Riyadh reveals 34-nation army forming Islamic alliance against 'terrorism'

Riyadh reveals 34-nation army forming Islamic alliance against 'terrorism'
Saudi Arabia has built a new military coalition of Muslim-majority countries to fight non-state armed groups.
2 min read
15 December, 2015
Defence Minister Mohammed bin Salman said the campaign would coordinate efforts to fight terrorism [Getty]

A new military coalition of 34 countries has joined forces to fight "terrorism" in the Islamic world, Saudi officials revealed on Tuesday.

Arab countries including Egypt, Qatar, the United Arab Emirates, and Muslim-majority countries Turkey, Malaysia and Pakistan have come together with several African states, said Riyadh.

The coalition, which will be based in Riyadh, "will be a partner in the worldwide fight against this scourge", said crown prince and defence minister Mohammed bin Salman. 

The Saudi-led alliance does not include the kingdom's regional rival Iran. Neither Syria nor Iraq are included.
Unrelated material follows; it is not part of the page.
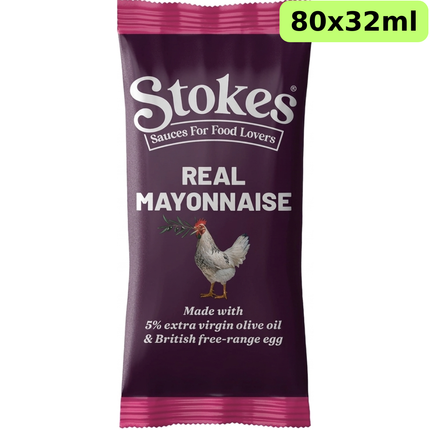 Stokes Real Mayonnaise Sachets catering pack containing 80 individual 32ml portions.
"These countries have procedures to go through before joining the coalition, but out of keenness to achieve this coalition as soon as possible, 34 countries have been announced," the 30-year-old prince told a rare press conference.

     The coalition will fight 'any terrorist organisation that appears'

The campaign will coordinate efforts to fight terrorism in Iraq, Syria, Libya, Egypt and Afghanistan, but officials offered few concrete indications of how military efforts might proceed.
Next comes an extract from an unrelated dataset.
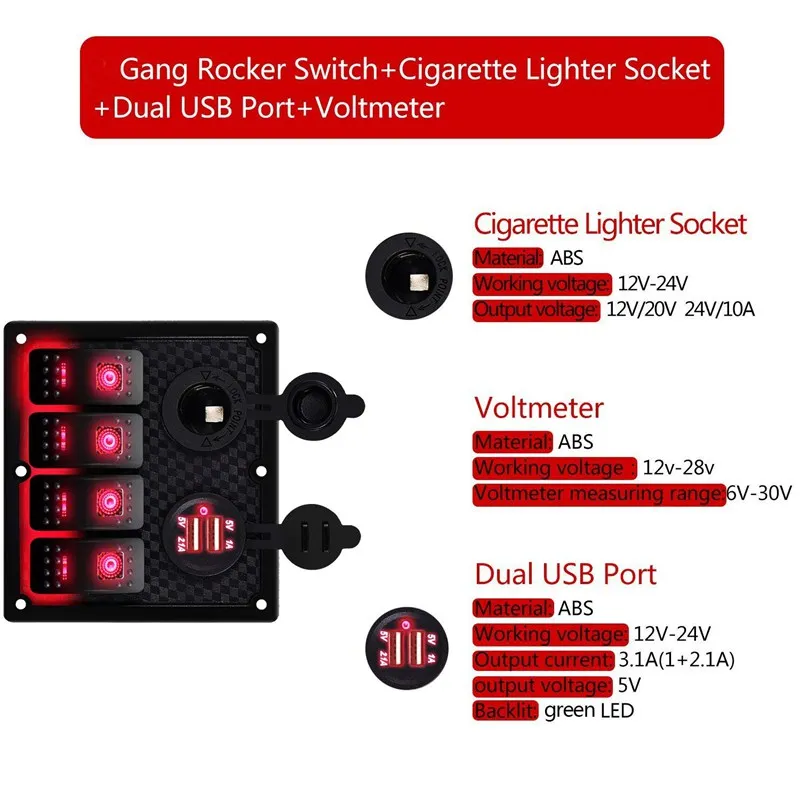 12 V-24 V 4 Gang морской катер автомобиля цепи RV светодиодный переключатель кулисный переключатель Панель выключатель вольтметр с предохранителем двойной USB кабель для зарядки для автомобилей класса RV лодка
The United States has called for broader international participation in the fight against the Islamic State group in Iraq and Syria, saying Turkey needed to do more to control its borders with Syria, and Saudi Arabia and the Gulf states had been distracted by the conflict in Yemen.

The coalition will fight "any terrorist organisation that appears", Mohammed said, when asked if the alliance would concentrate exclusively on fighting IS.

The announcement is the latest in a more assertive Saudi foreign policy since King Salman ascended to the throne in January and named Mohammed, his son, as defence minister.

In March the kingdom formed an Arab coalition of about a dozen countries to support the government of Yemen against the Houthi rebels and their allies, who seized much of the country.

Saudi Arabia and the United Arab Emirates have, however, assumed the main roles in that coalition.